• **Data block**
>>

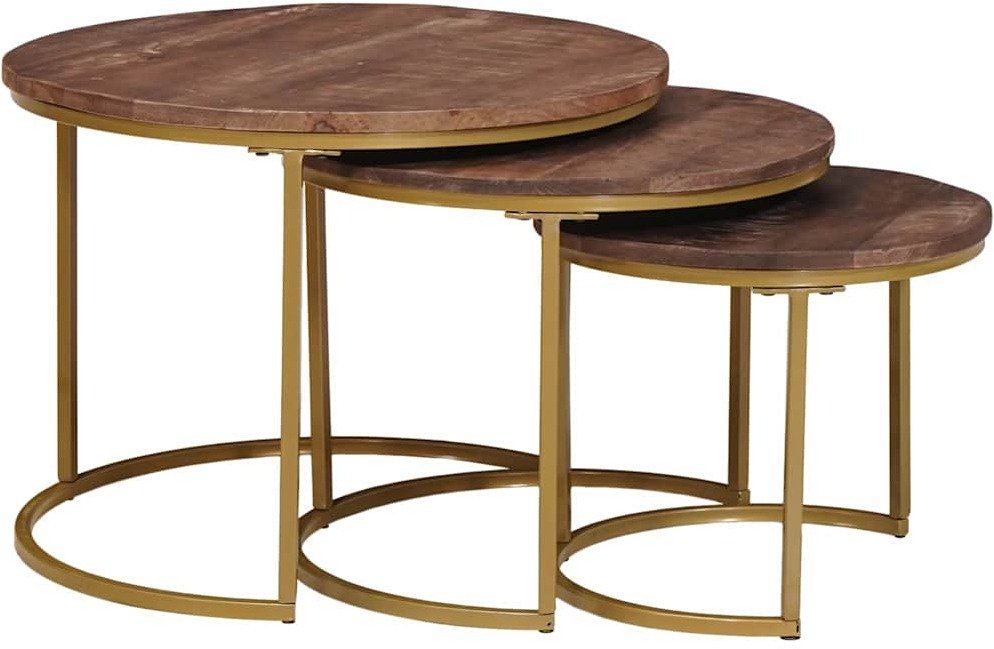 vidaXL Nesting Stolików Kawowych 3 pcs Ciemny brąz Lite drewno mango i stal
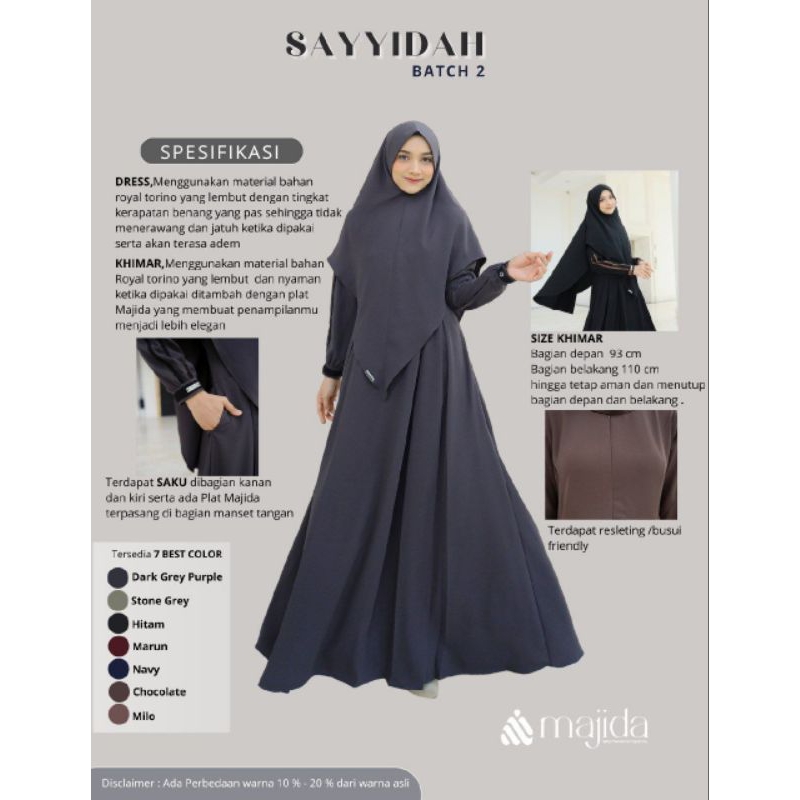 Gamis sayyidah by majida hijab original/distributor gamis premium/grosirgamis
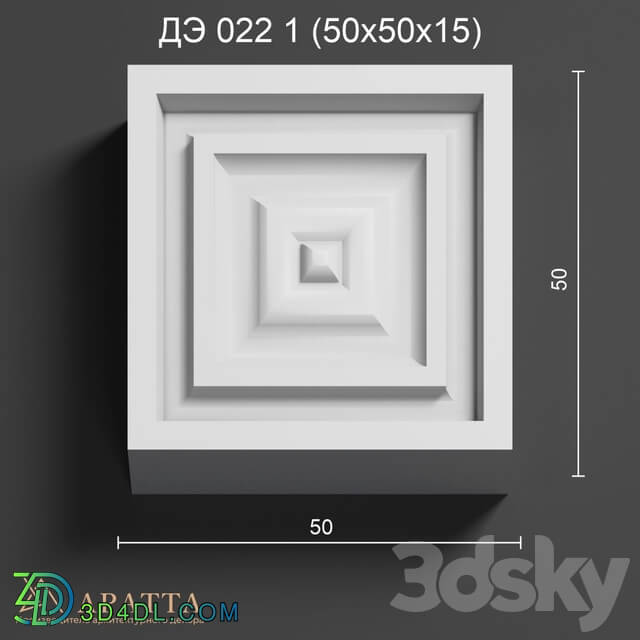 Decorative plaster - Aratta DE 022 1 _50x50x15_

<<

• **What you are asked to do**
Restate the data above verbatim, skipping every image.

• **Written reply**
 vidaXL Nesting Stolików Kawowych 3 pcs Ciemny brąz Lite drewno mango i stal
 Gamis sayyidah by majida hijab original/distributor gamis premium/grosirgamis
 Decorative plaster - Aratta DE 022 1 _50x50x15_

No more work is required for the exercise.